HARTFORD, Conn. (CBSNewYork/AP) -- A stunning new report on Friday said the troubled man who shot 26 people dead in Newtown, Connecticut went untreated for years before the shooting.

The State of Connecticut report said the school system unwittingly enabled Adam Lanza's mother in her preference to "accommodate and appease'' him as he became more withdrawn socially in the time before the Dec. 14, 2012 massacre at Sandy Hook Elementary School.

The Office of the Child Advocate identified missed opportunities to provide more appropriate treatment for Lanza, whose social isolation and obsession with mass killings have been detailed by police reports that found the motive for the shooting may never be known.

WEB EXTRA: Read The Full Report (pdf)

A thread running through the 114-page report, which refers to Lanza as "AL,'' is the effort on the part of his parents to accommodate his disabilities, rather than adhering to specialists' recommendations for extensive special education support.

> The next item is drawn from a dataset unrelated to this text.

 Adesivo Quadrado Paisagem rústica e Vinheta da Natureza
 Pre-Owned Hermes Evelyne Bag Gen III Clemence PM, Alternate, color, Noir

Sandy Hook Elementary School Shooter's History Reviewed In New Report

"Both AL's mother and his educational team shared a goal of managing and accommodating, rather than securing treatment for, AL's disabilities, and likely this approach was fueled by a lack of critical information and guidance,'' the report said.

In the three months before the massacre, Lanza had not left his room in his mother's spacious colonial-style house, where he lived surrounded by an arsenal of weapons and spent long hours playing violent video games. His parents were divorced, and Lanza had not seen his father for two years.

The report found that Lanza appeared to have "early developmental challenges consistent with a form of autism," and may have had additional mental health issues, such as "anxiety disorder, Obsessive Compulsive Disorder, and suicidal ideation."

There is also evidence of primitive anger and preoccupation with violence, but the authors of the report wrote that they "cannot know the source of such preoccupation."

"There is no way to adequately explain why AL was obsessed with mass shootings and how or why he came to act on this obsession," the report read.

The report said Lanza's severe and deteriorating mental health problems, combined with a preoccupation with violence and access to deadly weapons, "proved a recipe for mass murder."

The report said further that in the time he was isolating himself before the massacre, the 6-foot tall Lanza had wasted away only to 112 pounds. Mental health experts said that alone should have been a red flag.

"If you see someone who is 6 feet tall -- especially a male -- and he weighs 112 pounds, wouldn't you have a problem with that?" said Dr. Harris Straytner of the Mount Sinai School of Medicine. "I mean, I wouldn't even threaten him. I would say, 'I want you to see your internist.'"

The report also said Lanza's mother did not follow recommendations to make sure her son took medication, instead complaining about possible side effects.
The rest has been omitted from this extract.